What type of hard drives are you going to use - SATA or SAS? Are you going to be connecting these directly to the motherboard (which you do not mention) or using a separate card?
There are some bandwidth limitations on many Intel boards because the M.2 SSD and the on-board SATA all go through the chipset to the CPU. This may be what your IT guy is thinking about. It should physically work, though. If you want to avoid this bottleneck you can use a NVMe SSD PCIe adapter (like an Asus Hyper X or one of the cheaper unbranded things), or use a RAID card.
But I suggest you check out the block diagram for your motherboard first.
Thanks for taking the time to reply with your thoughts.
SATA or SAS?
I was thinking SATA but I have no experience with a build like this as I’ve only put together gaming computers and if any of them have had RAID I’ve always done that via software. The hardware configuration mentioned in my OP is just something I found on a retailer’s website that fit the CPU, GPU, and RAM recommendations that are needed for a couple of programs we will be using.
Are you going to be connecting these directly to the motherboard (which you do not mention) or using a separate card?
I didn’t mention this because I do not really know. If the motherboard has enough SATA ports available I was thinking about just plugging them into the motherboard. I’ll reach out to the retailer to try and get more information on what motherboard is included. As far as using a separate card, I wasn’t planning on it but if I have to I will.
Would this be something that I could build myself? I don’t really know anything in the realm of Xeon processors and their hardware limitations or where to go to get a part list that I could just give to our PO department to just buy the hardware.
Once again, thank you for taking the time to respond with your perspective. I appreciate it.
I expect any workstation class dual Xeon motherboard will have enough SATA ports for what you want. But the quality of the RAID implementation will vary.
I had great fun building a dual Xeon workstation last year from parts off eBay, but it did involve a lot of research. Things like their physical size can catch you out, and there is always the issue of finding validated ECC memory to go with them. So as a personal project I can recommend it. However, you want this for your business.
So my suggestion is that you:
Confirm that you really need sustained full NVMe performance and full RAID array performance at the same time.
If you don’t, then the bandwidth to the CPU issue shouldn’t be a problem.

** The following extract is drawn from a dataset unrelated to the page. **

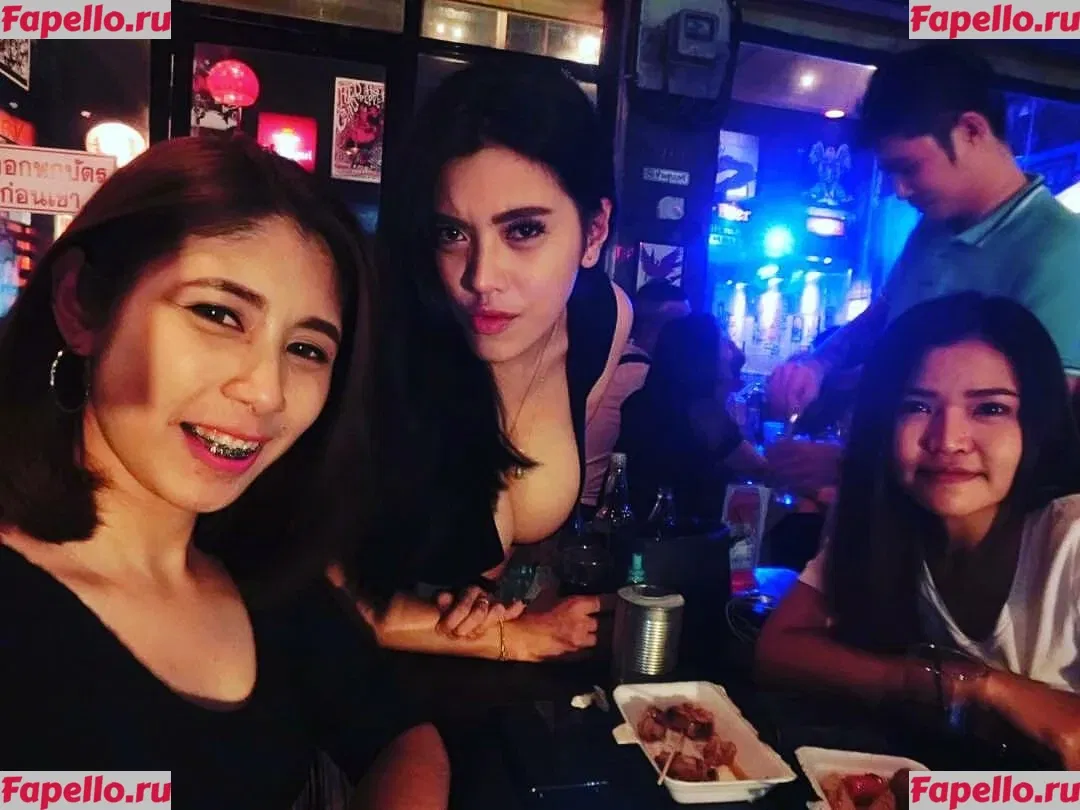 Aungsumalyn Onlyfans Photo Gallery 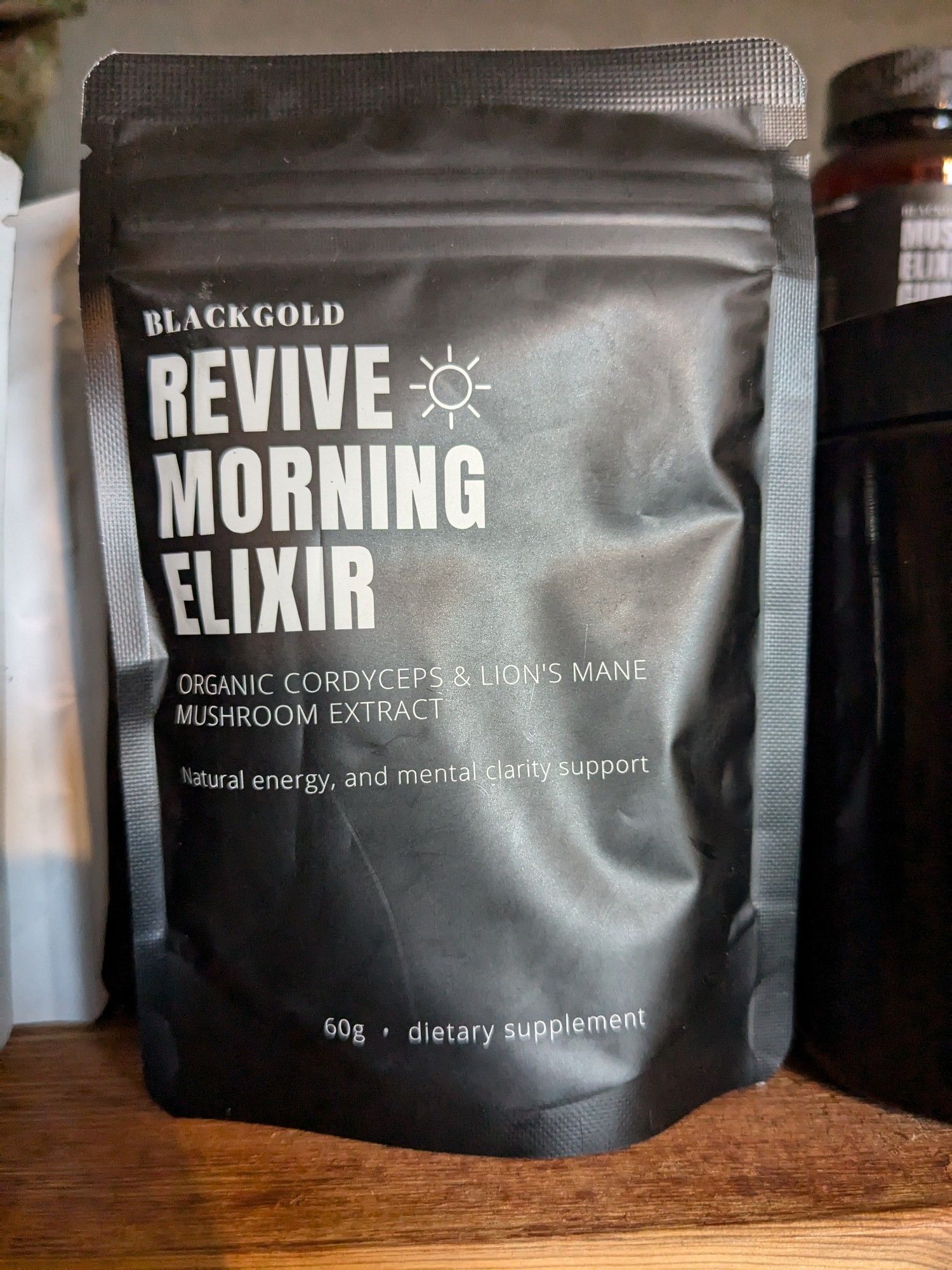 BLACKGOLD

If you do, then check with the supplier how the drives are controlled. If there is going to be a bottleneck, then it can be solved by either by specifying a separate RAID controller, or by using the NVMe SSD through an PCIe card.
I also suggest that you order it rather than build it yourself as it is for business purposes and I am getting the impression that you are not confident about building it.
It’s not that I’m not confident if I had to build anything myself. I’ve just only ever built gaming PCs so this level of hardware is new to me. I was looking at having my company buy a built unit that had the bulleted specs above from Dell and then just picking up four sata drives to throw into it after the fact,
Once again, thanks for taking the time to correspond. I appreciate it.